WORK REQUIRED: Give the data again exactly as written, skipping any pictures.

Start of DATA EXCERPT

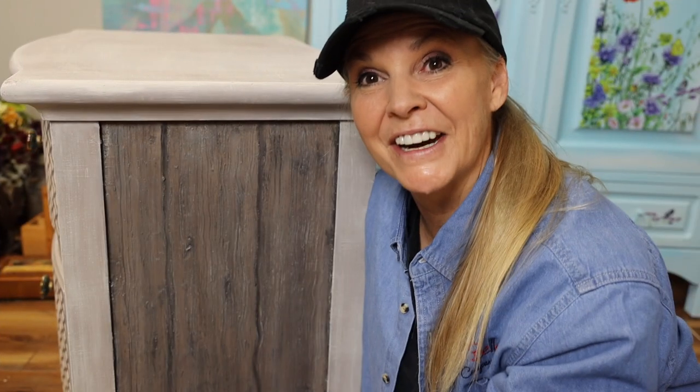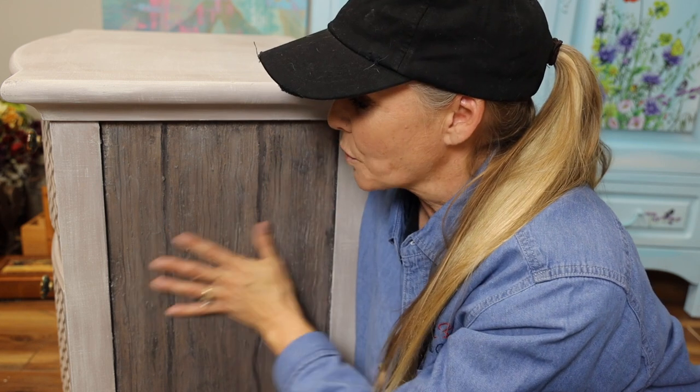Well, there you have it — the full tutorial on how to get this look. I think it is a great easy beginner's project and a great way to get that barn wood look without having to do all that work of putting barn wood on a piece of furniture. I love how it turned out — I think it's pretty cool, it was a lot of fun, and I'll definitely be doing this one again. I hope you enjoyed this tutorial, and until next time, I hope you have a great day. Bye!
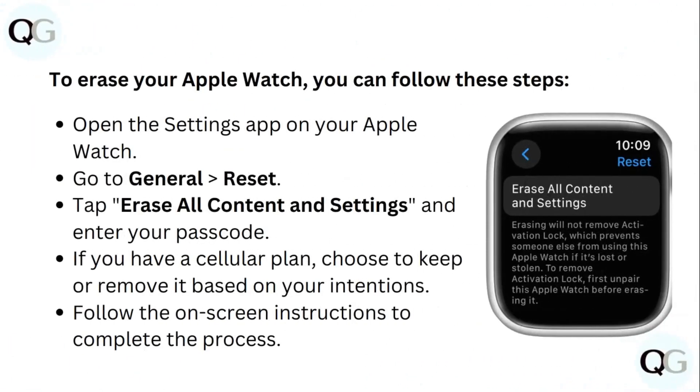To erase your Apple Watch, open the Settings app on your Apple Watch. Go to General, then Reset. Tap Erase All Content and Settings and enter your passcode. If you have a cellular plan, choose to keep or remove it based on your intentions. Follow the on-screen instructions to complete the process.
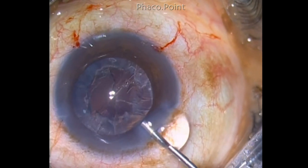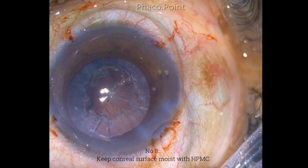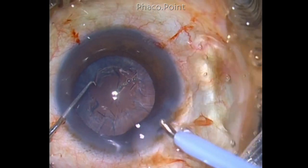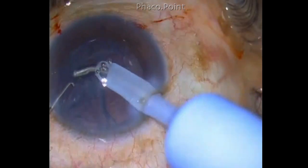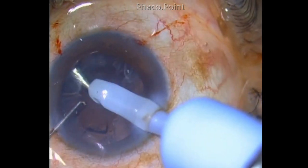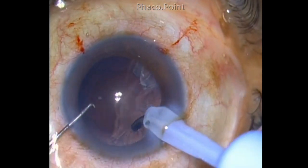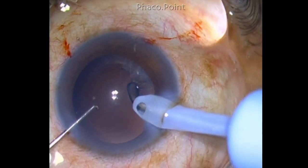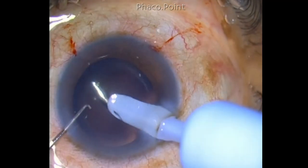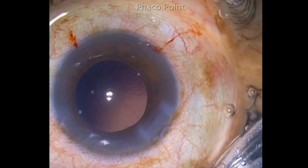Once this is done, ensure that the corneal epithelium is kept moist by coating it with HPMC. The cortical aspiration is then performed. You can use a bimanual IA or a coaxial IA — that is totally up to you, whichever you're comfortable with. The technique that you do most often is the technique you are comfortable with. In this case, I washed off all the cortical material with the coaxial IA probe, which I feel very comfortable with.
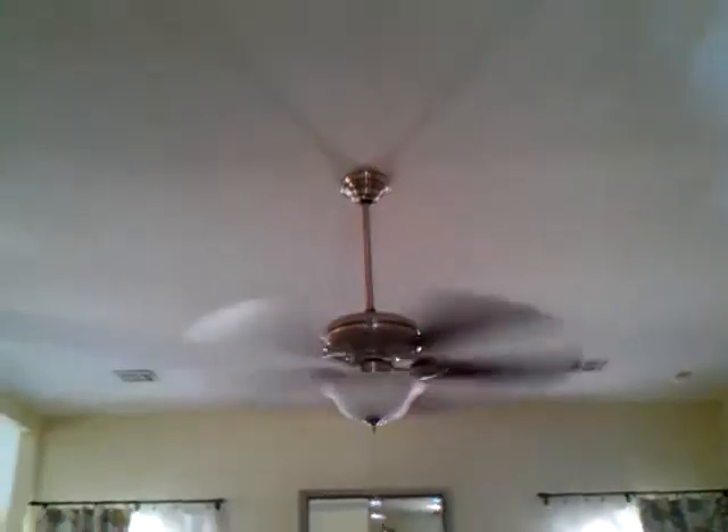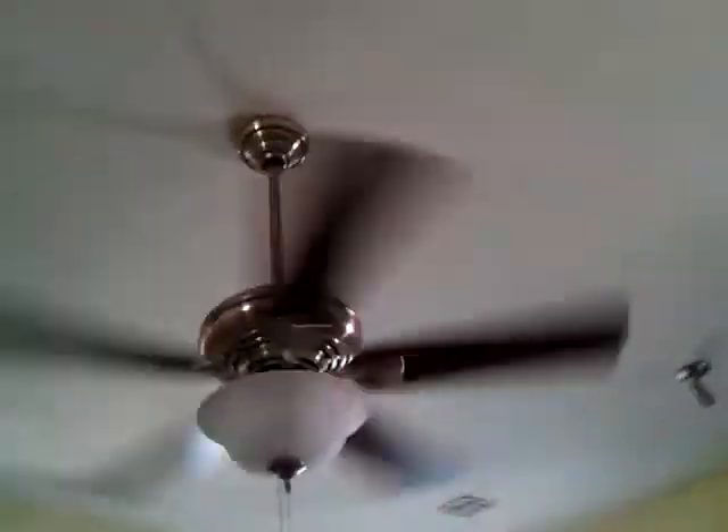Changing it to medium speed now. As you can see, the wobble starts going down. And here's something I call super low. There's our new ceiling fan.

End of DATA EXCERPT

ANSWER BOX:
Well, there you have it — the full tutorial on how to get this look. I think it is a great easy beginner's project and a great way to get that barn wood look without having to do all that work of putting barn wood on a piece of furniture. I love how it turned out — I think it's pretty cool, it was a lot of fun, and I'll definitely be doing this one again. I hope you enjoyed this tutorial, and until next time, I hope you have a great day. Bye!
To erase your Apple Watch, open the Settings app on your Apple Watch. Go to General, then Reset. Tap Erase All Content and Settings and enter your passcode. If you have a cellular plan, choose to keep or remove it based on your intentions. Follow the on-screen instructions to complete the process.
Once this is done, ensure that the corneal epithelium is kept moist by coating it with HPMC. The cortical aspiration is then performed. You can use a bimanual IA or a coaxial IA — that is totally up to you, whichever you're comfortable with. The technique that you do most often is the technique you are comfortable with. In this case, I washed off all the cortical material with the coaxial IA probe, which I feel very comfortable with.
Changing it to medium speed now. As you can see, the wobble starts going down. And here's something I call super low. There's our new ceiling fan.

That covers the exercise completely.